W ramach przedstawionych wcześniej badań prowadzone są również doświadczenia nad wpływem na zapylacze oraz plon rzepaku insektycydów o różnym poziomie toksyczności dla pszczoły miodnej zastosowanych do zwalczania słodyszka rzepakowego oraz szkodników łuszczynowych. W badaniach testowano różne insektycydy – bardzo toksyczne pyretroidy oraz związki fosforoorganiczne, insektycydy toksyczne, a wśród nich mieszaniny dwóch różnych substancji czynnych, a także acetamipryd – substancję czynną, której nie klasyfikuje się pod względem toksyczności dla pszczoły miodnej ze względu na niskie ryzyko. Otrzymane wyniki jednoznacznie potwierdzają, iż stosowanie środków selektywnych o niskim ryzyku dla pszczół pozwala uzyskać najwyższy plon w porównaniu do innych badanych insektycydów.

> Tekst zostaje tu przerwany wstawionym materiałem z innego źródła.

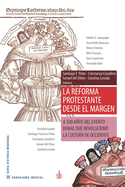 La Reforma Protestante desde el margen: A 500 aos del evento banal que revolucion? la cultura de Occidente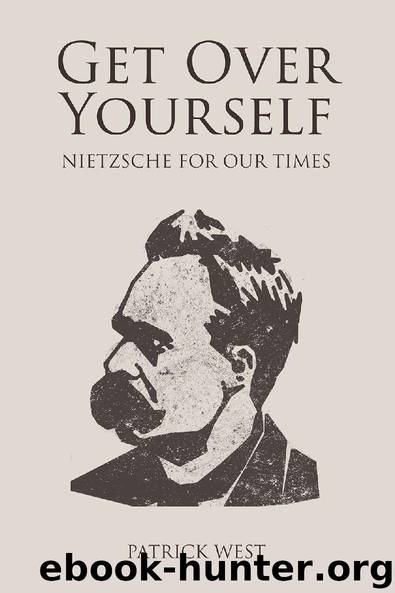 Get Over Yourself by Patrick West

Dotychczas uzyskane wyniki badań w sposób dobitny wskazują na potrzebę rzetelnej ochrony pszczół w trakcie zabiegów ochrony roślin. Ponadto ochrona owadów pożytecznych, w tym zapylających jest wymogiem prawnym. Jednak znając olbrzymi wpływ pszczół na wielkość i jakość uzyskiwanego plonu roślin owadopylnych ochrona zapylaczy powinna przede wszystkim wynikać ze świadomości producentów rolnych. Bowiem prawidłowa ochrona insektycydowa z zachowaniem bezpieczeństwa organizmów pożytecznych, w tym pszczół wpływa pozytywnie na opłacalność produkcji.